Neural Style Transfer explores methods for artistic style transfer based on Convolutional Neural Networks. The core idea proposed by Gatys et al. became very popular, and with further research, Johnson et al. overcame a significant limitation to achieve style transfer in real-time.
Well, as we know, NST combines the style of Style Image with the content of Content Image as follows:
We propose the Assorted NST, which combines the style of 3 Style Images with the content of Content Image. Below are a few examples:
We not only combine the three styles, but we can also control how much weight to give to which style. The above output was generated with weights [0.3, 0.3, 0.4]. The weights [0.1, 0.1, 0.8] (where style 3 has more weight) will give the following output:
It's pretty straightforward. Instead of giving the model a single style image as input, we take the weighted combination of all three style images and feed that to the model. Before taking the weighted combination, we resize the style images to have the exact dimensions.

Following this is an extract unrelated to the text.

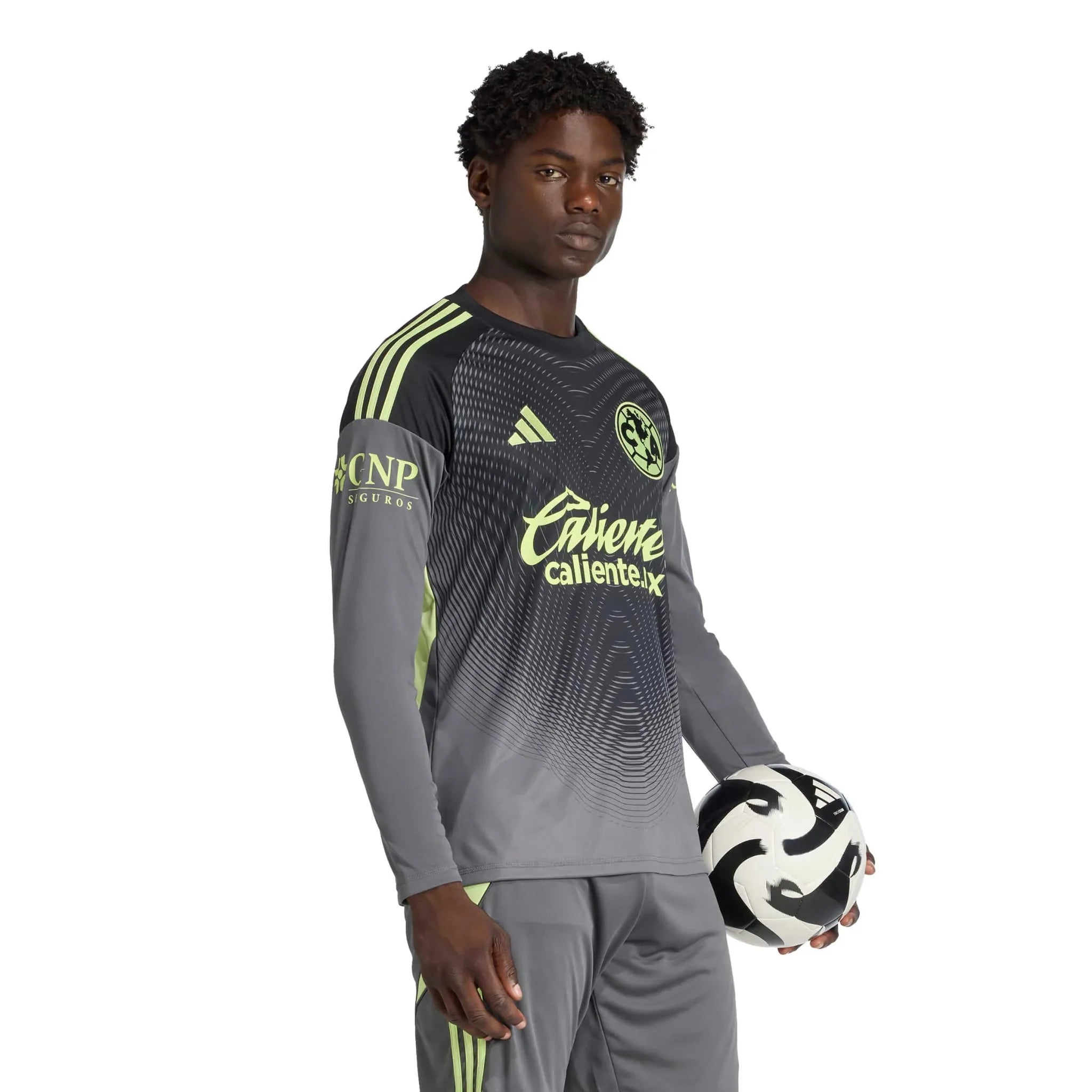 adidas 2025-26 Club America Men's Goalkeeper Long-Sleeve Soccer Jersey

In this way, the model can extract the style of the corresponding final image, which can be used for final image generation.
- For each set of content and style images, we have to do fine variations in weight values for the output to be better. It is impossible to have a fixed set of weights that work on all images. If the weights are not proper, then the outcome might be invalid like below:
- The time taken for output image generation is almost 8 seconds per iteration in manual implementation. We need at least ten iterations to get valid output. This can further be reduced using an end-to-end CNN model explicitly built for NST as introduced in Johnson et al. (which is used in TFHub implementation).